AIM OF THE EXERCISE: Could you transcribe each entry below exactly, minus the images?

MATERIALS PROVIDED START

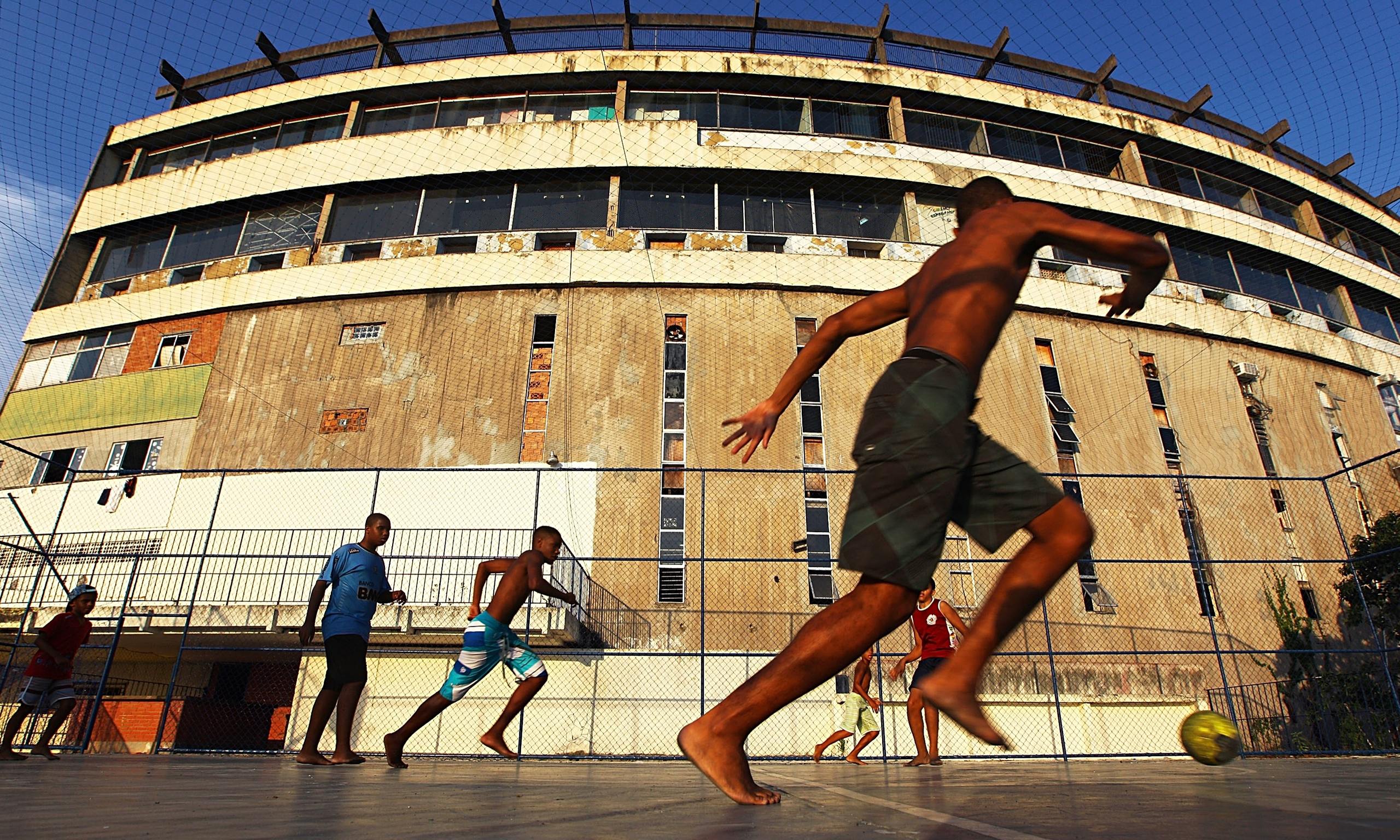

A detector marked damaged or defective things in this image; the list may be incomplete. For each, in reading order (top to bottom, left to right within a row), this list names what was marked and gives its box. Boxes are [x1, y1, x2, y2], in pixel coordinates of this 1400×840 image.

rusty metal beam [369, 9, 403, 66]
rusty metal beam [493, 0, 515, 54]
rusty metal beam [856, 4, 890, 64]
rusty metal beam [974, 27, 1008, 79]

MATERIALS PROVIDED END

WRITTEN REPLY:
A detector marked damaged or defective things in this image; the list may be incomplete. For each, in reading order (top to bottom, left to right within a row), this list names what was marked and gives its box. Boxes are [x1, y1, x2, y2], in pixel coordinates of this 1400×840 image.

rusty metal beam [369, 9, 403, 66]
rusty metal beam [493, 0, 515, 54]
rusty metal beam [856, 4, 890, 64]
rusty metal beam [974, 27, 1008, 79]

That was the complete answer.